Take the line that contains "3355 Old Peachtree Road" and every line below it to the end of the entries, and give them again exactly, leaving out any pictures.
* * * * *
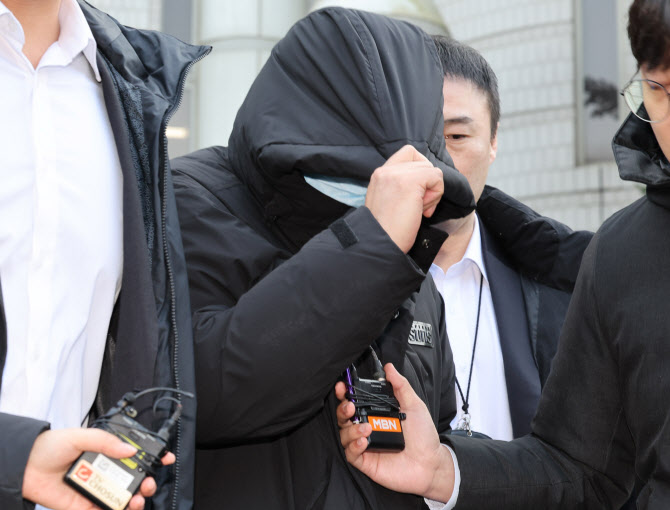 [속보]‘롤스로이스 男 마약처방·성폭행’ 의사 1심 징역 17년 선고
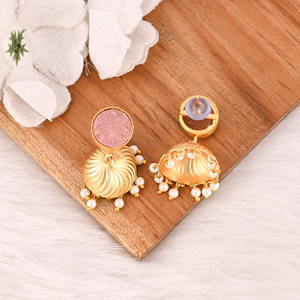Boucles d'oreilles en laiton plaqué or faites à la main avec chalcédoine rose et perles, bijoux fantaisie pour femmes - Product Image 5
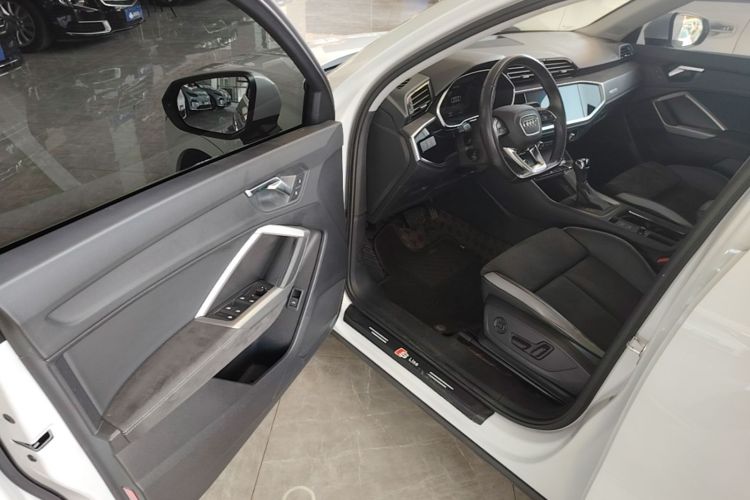 Audi Q3 2022 car image #16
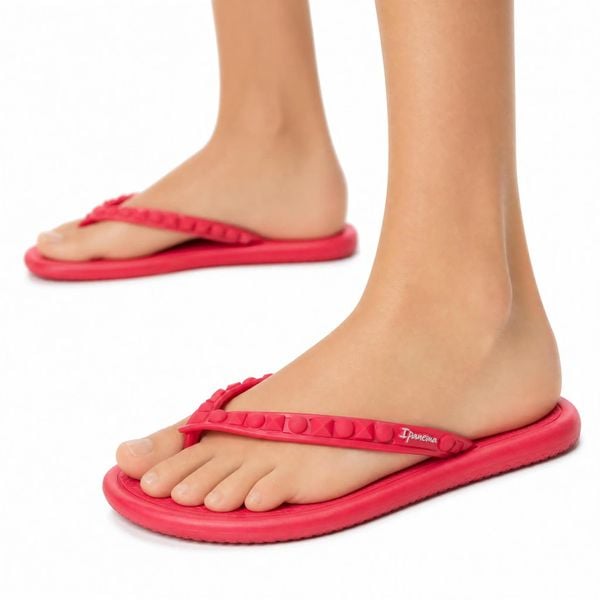 Japonki damskie Ipanema 27130 MEU SOL AD. Czerwone klapki Ipanema, bez wzorów, z materiału, bez obcasa. Za 39,00 zł.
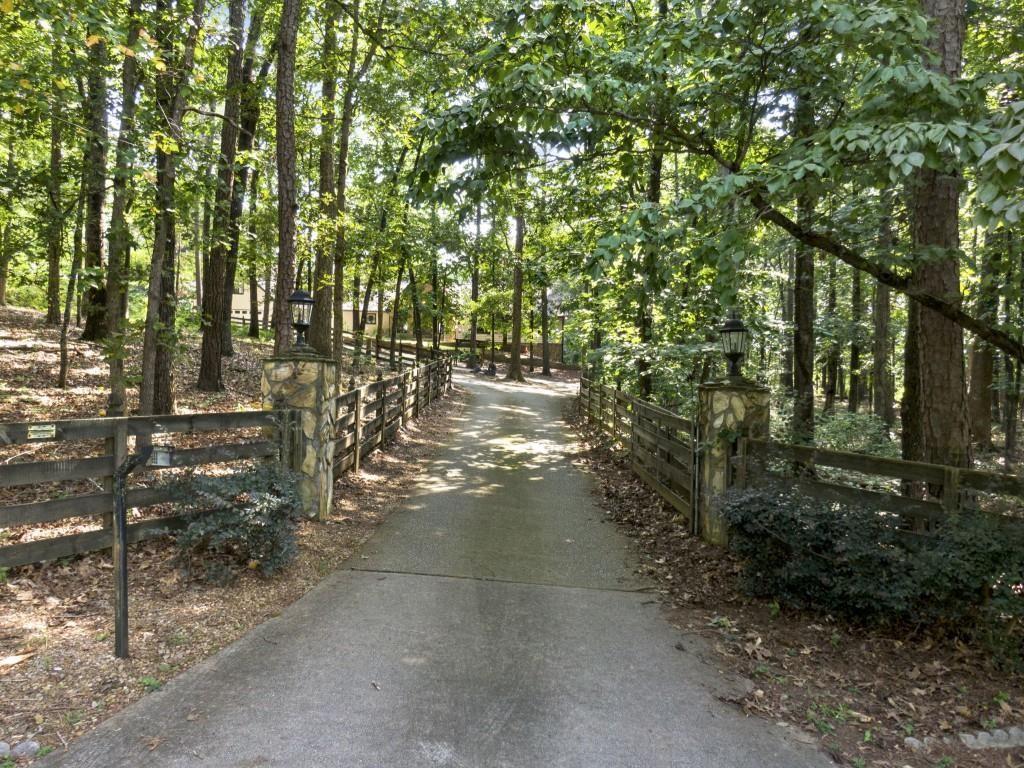 3355 Old Peachtree Road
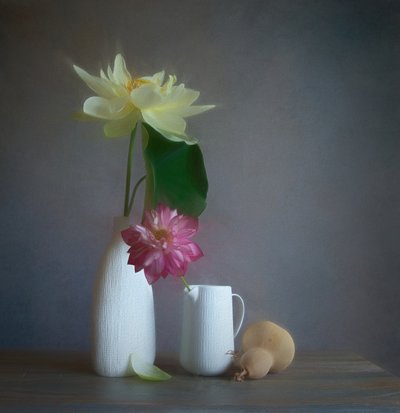 Blidt lotus-stilleben af Fangping Zhou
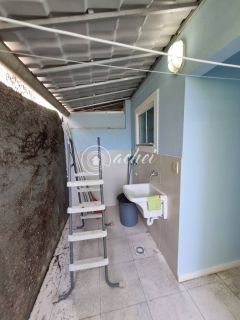 Casa de Condomínio 4/4 nascente para locação em Buraquinho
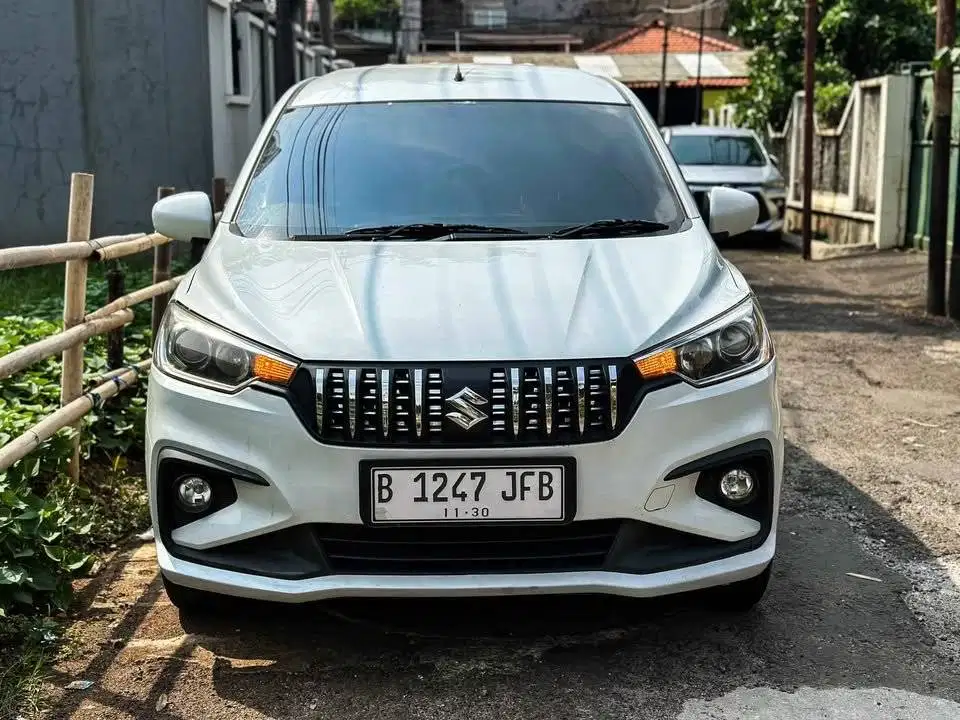 Suzuki Ertiga GL MT Putih 2020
* * * * *
Task response:
 3355 Old Peachtree Road
 Blidt lotus-stilleben af Fangping Zhou
 Casa de Condomínio 4/4 nascente para locação em Buraquinho
 Suzuki Ertiga GL MT Putih 2020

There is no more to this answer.